Ask any millennial what their financial goals are or what they would love to do with their money, and the majority of the respondents are going to shout out “travel”. Travelling is one of the main financial goals for many millennials. While travelling may be fun, planning for the vacations especially saving money may require a bit of discipline and patience. But proper planning will make it easier to achieve your travel goals. And it is easier than you think.
Here are some of the easy steps that can help you build a savings plan for your travel requirements.
Travelling goals are mostly short term financial goals. As it is a short term goal, you would not want to lock in your money for a longer period. If you are very serious about travelling and see yourselves hopping on the next flight or booking a bus or train, you can look at having a dedicated savings account for your travel plans.
It is better to have different savings account as it helps you to segregate your travel money from other uses. Also, a separate savings account will mean less money in your salary account and hence less money to spend on other uses. With the travel money out of your way, you will be tempted to spend it.
There are different types of savings account. Zero balance digital savings accounts are one of the best types of savings account to save money for your vacations. As these accounts don’t have any minimum balance, customers do not need to worry about maintaining a minimum average balance.
Also, opening a digital zero saving account only takes a couple of minutes and can be opened through the bank app. All you need is your PAN card, Aadhaar number and phone number linked to Aadhaar number.
Click here to compare various zero balance accounts.
With the savings account in place, the second step is to know how much you need to save. A little online research will show you how much you need to save for the trip. Once you know how much you need to save, you can easily come up to the amount that you need to save every month. You need to keep in mind the time horizon before calculating the amount that you need to save per month.
E.g., if the cost of your travel goal is Rs.50,000 and you plan to visit in the next five months, then you have to save at least Rs.10,000 per month.
However, if your travel plan is more than a year away, you may have to consider the cost of inflation in your budget as well.
It may be the case that you don’t have any specific plan and you may be more of spontaneous traveller. In this scenario, you can come to a percentage of your income that you are comfortable with earmarking for travel. It may be as little as 5% or high as 80%.
After you figure out the monthly amount that you need to save, the best way to make sure that you don’t miss out on any payments is to set up an automatic transfer from one bank account to another.

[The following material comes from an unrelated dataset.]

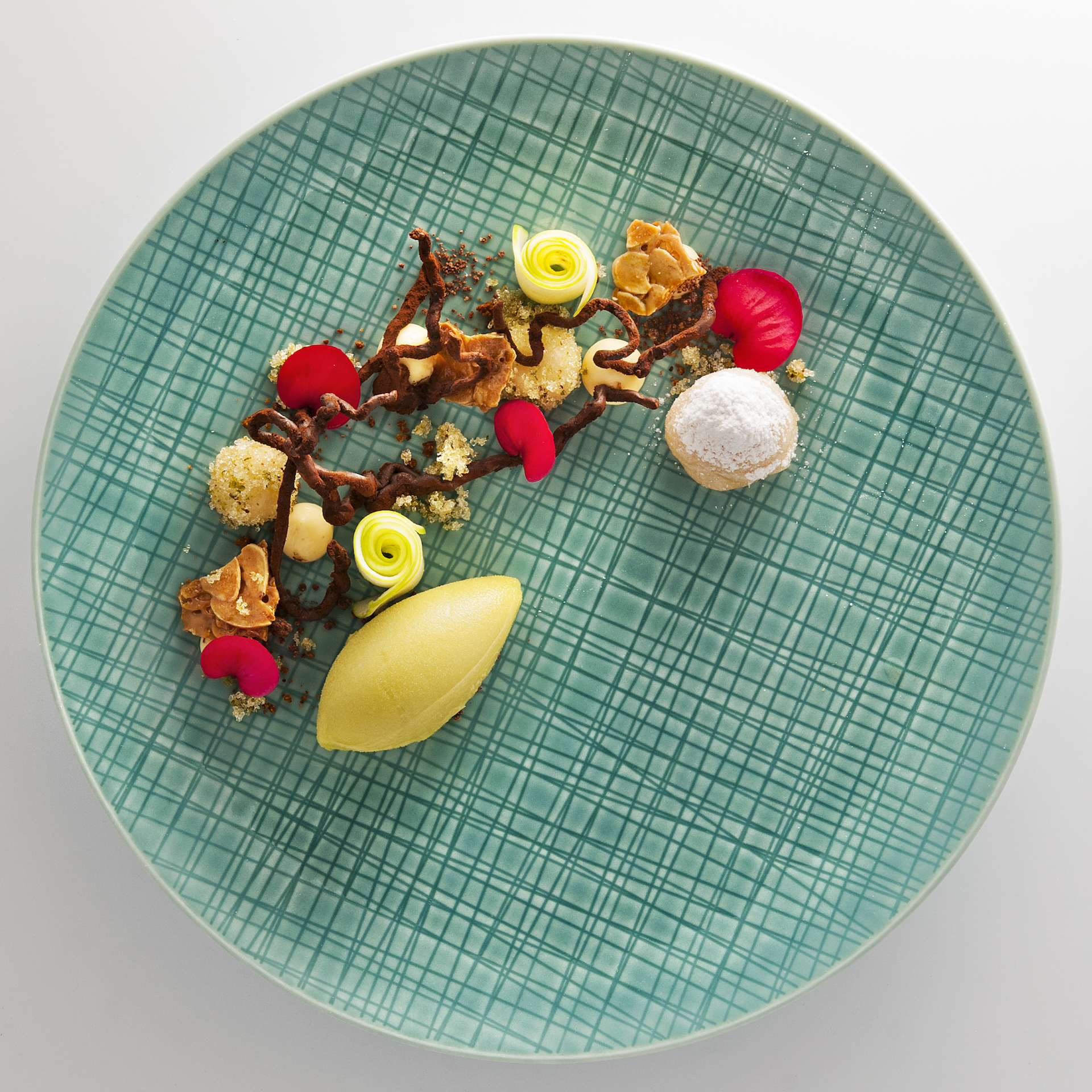 Το επιδόρπιο του chef Jan Hoffmann από μήλο, αμύγδαλα και άγριο κορόμηλο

Almost all the saving accounts offer the option of automatic or scheduled payments to their customers. E.g. if your salary is credited to your account on 25th of every month, then you can set up a scheduled payment from your salary account to your travel savings account for 30th of every month. Scheduling the payment will help you to keep your travel savings goal always funded.
You can use the money to book tickets and hotels and manage other expenses as well. As it is a savings account, you don’t have to transfer the amount to a different account to book flight tickets or withdraw cash from the ATM.
The desires of the younger generation especially millennials are different than their parents and grandparents. This generation is focused on experiences rather than things. No wonder, travelling figures as the priority for many millennials.
Without the right planning, the travelling plan may start to rot in our heads. Hence, if travelling is one of your top priority, you can start the journey by opening a separate savings account and setting up an automatic transfer from your salary account or regular savings account to your travel dedicated savings account. Life is meant to be lived and planning your travel makes it sweeter.